RECORDS FOR THIS TASK ::
====

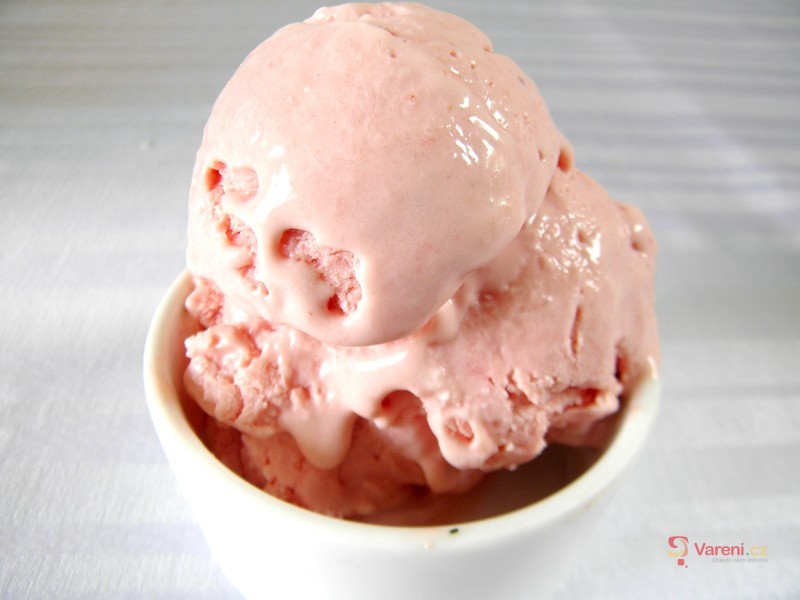 Malinovo-smetanová zmrzlina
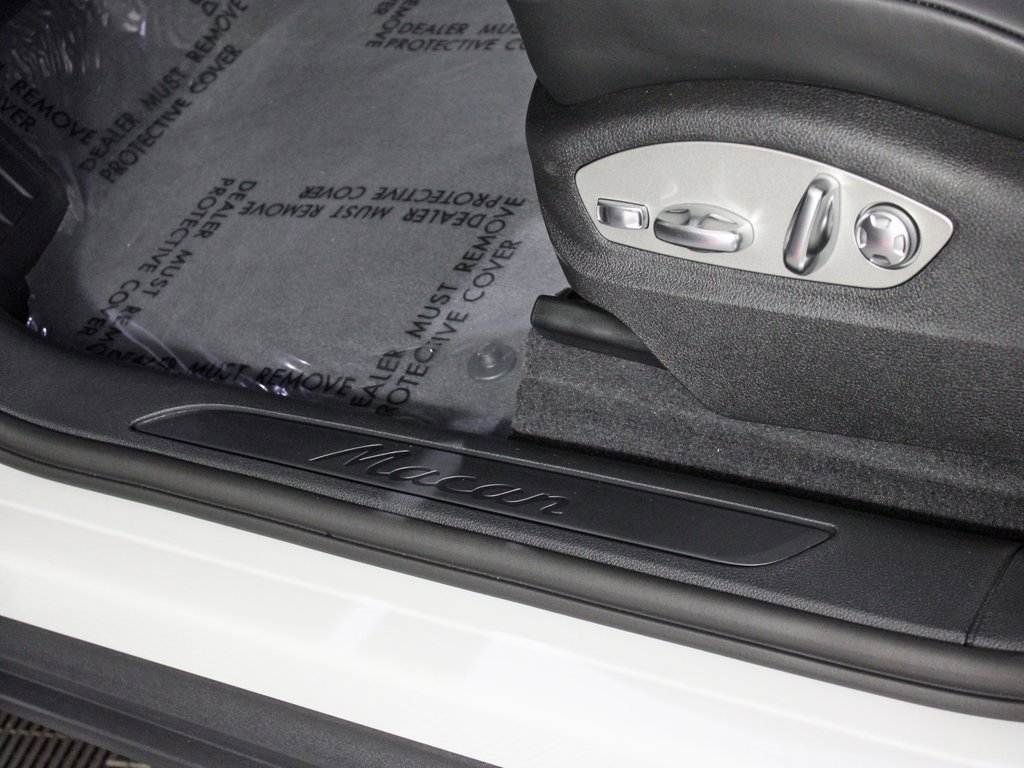 Used 2026 Porsche Macan image 18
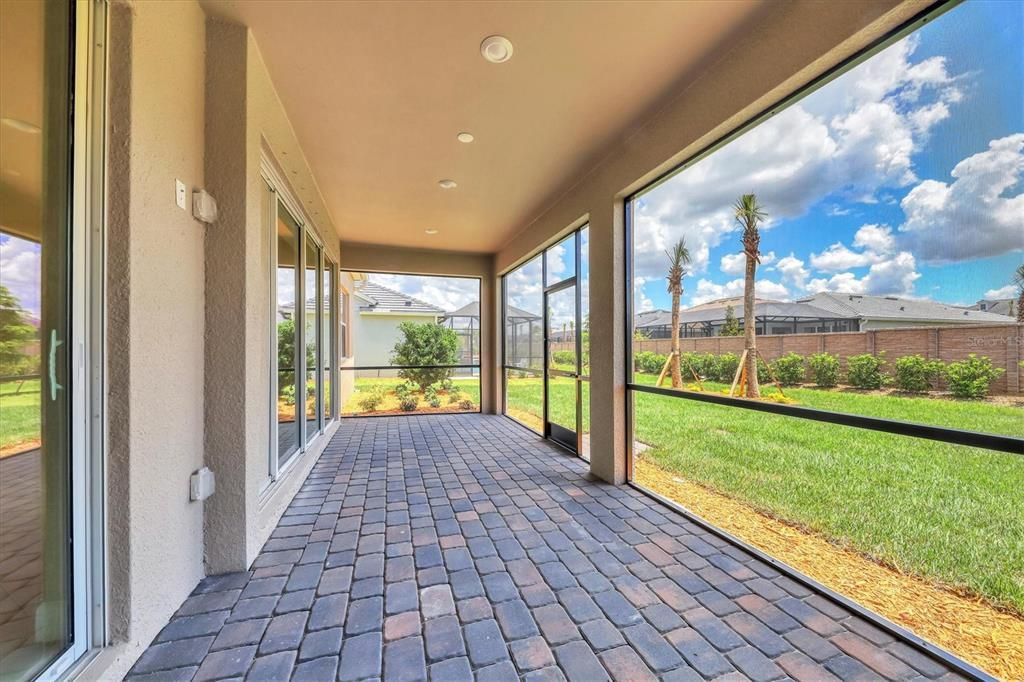 For Sale: $699,000 (5 beds, 4 baths, 2859 Square Feet)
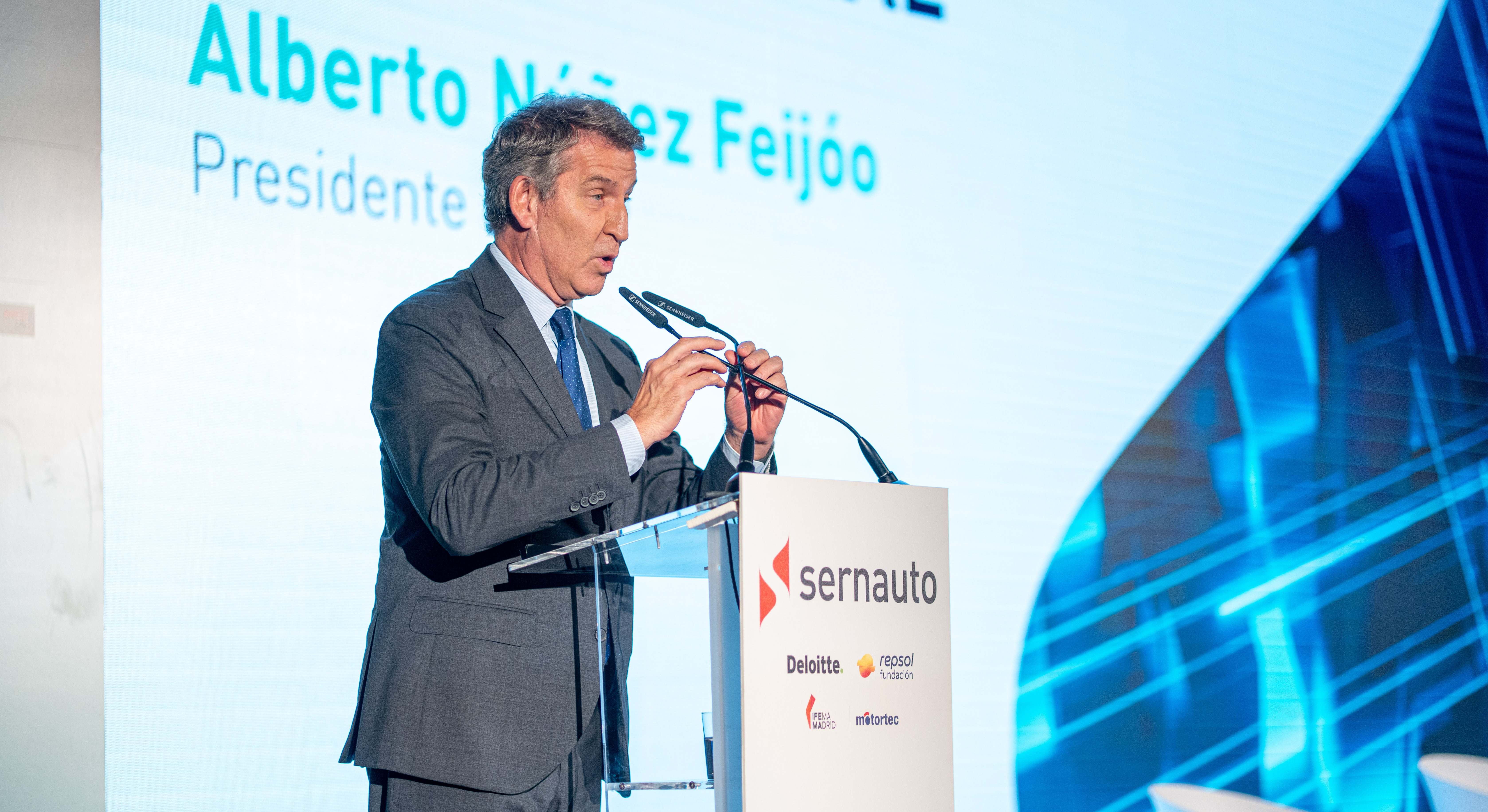 El presidente del PP, Alberto Núñez Feijóo, interviene durante la inauguración del XII encuentro de Sernauto,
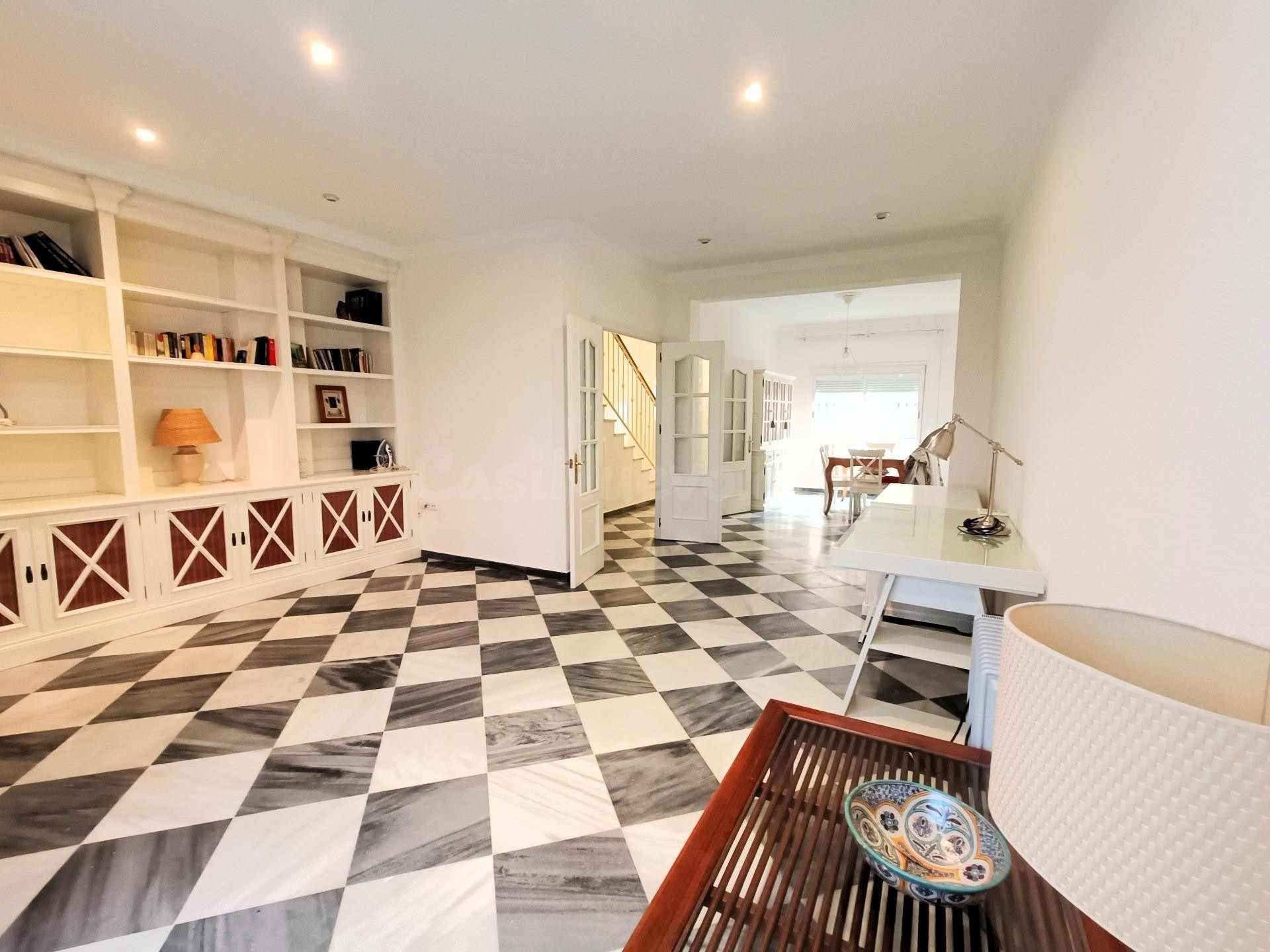Vivienda unifamiliar en Chiclana - foto 2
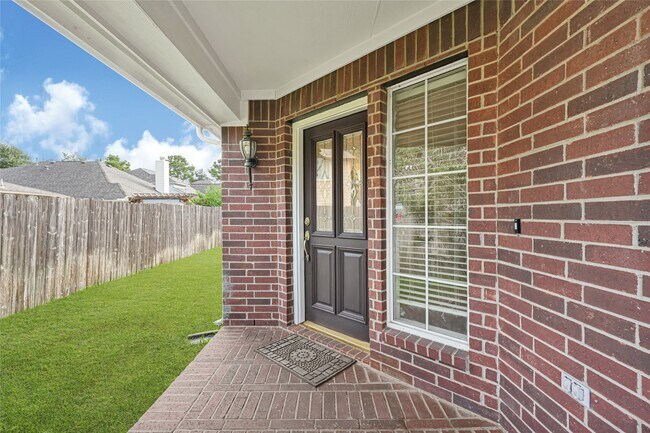 Foto del edificio - 2311 Falcon Knoll Ln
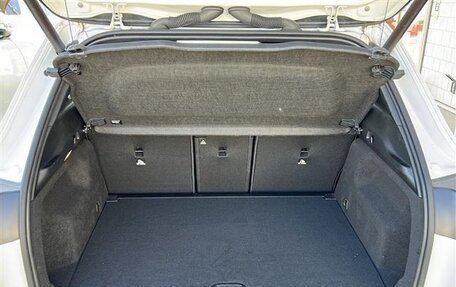 Mercedes-Benz GLA, 2022 год, 1 990 000 рублей, 18 фотография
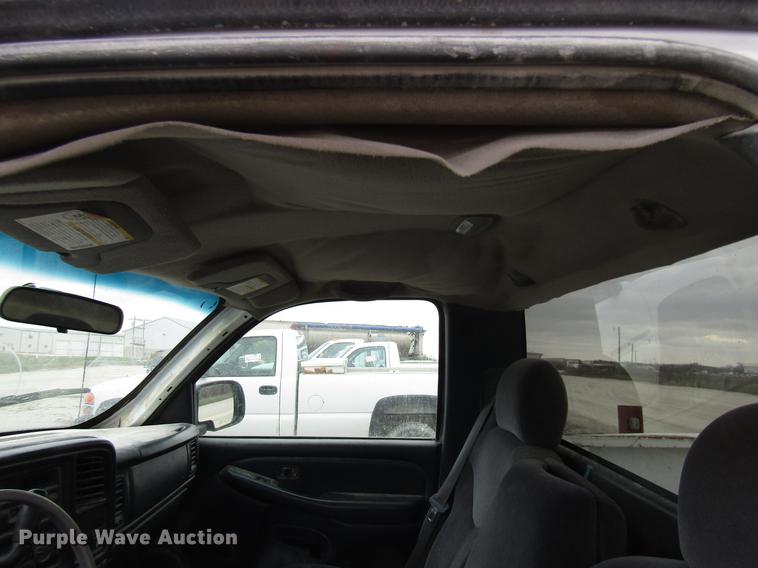 image for item DB2045 2001 GMC Sierra 1500 pickup truck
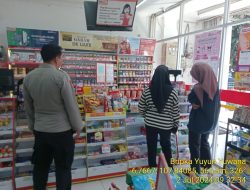Aiptu Aceng, SH Bersama Bripka Yuyun Yuwana melaksanakan sambang/silatrahmi Kamtibmas dan dumas keliling dalam rangka BEYOND TRUST PRESIS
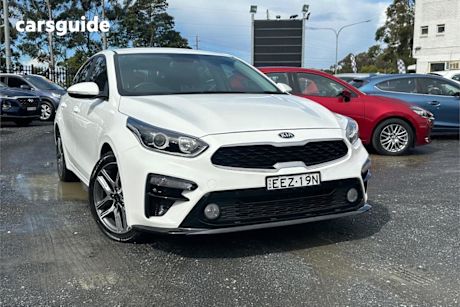 White 2019 Kia Cerato Hatchback Sport+ Safety Pack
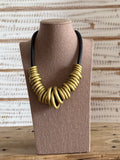 Collar caucho y madera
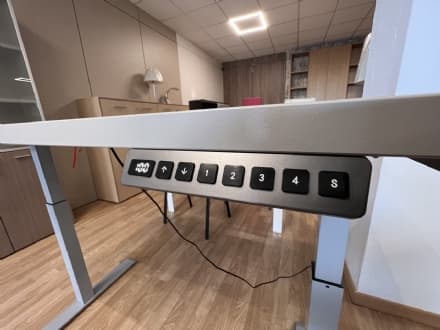 OGLIANICO - Scrivanie regolabili in altezza e poltrone ergonomiche: ecco gli arredi per un ufficio a misura d'uomo - FOTO e VIDEO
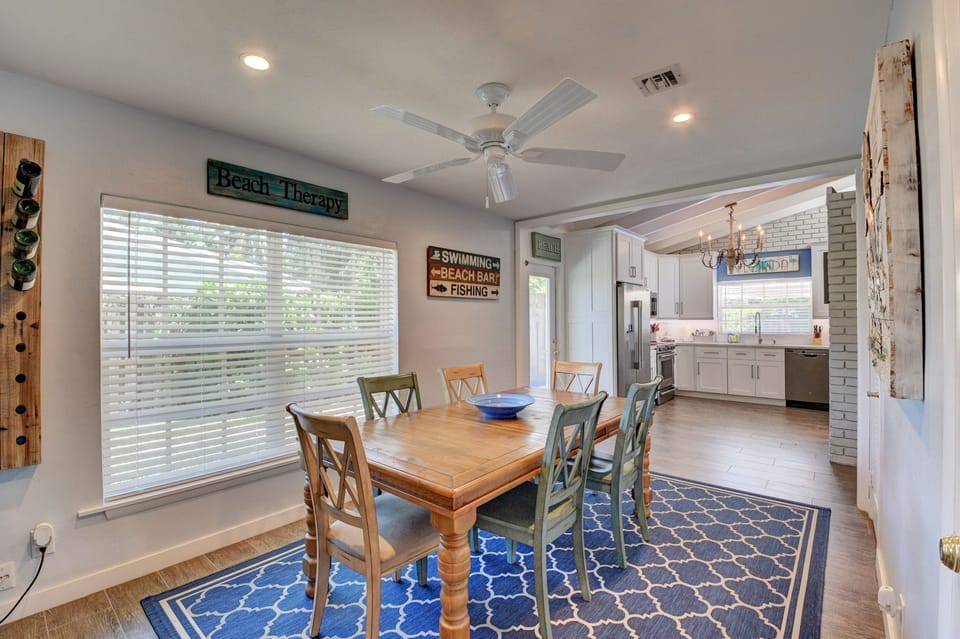 Eat in kitchen with table for up to 6 people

====

What are the lines above from the one with "El presidente del" to the one with "Mercedes-Benz GLA, 2022", both included? Reproduce them exactly, without pictures.

 El presidente del PP, Alberto Núñez Feijóo, interviene durante la inauguración del XII encuentro de Sernauto,
Vivienda unifamiliar en Chiclana - foto 2
 Foto del edificio - 2311 Falcon Knoll Ln
 Mercedes-Benz GLA, 2022 год, 1 990 000 рублей, 18 фотография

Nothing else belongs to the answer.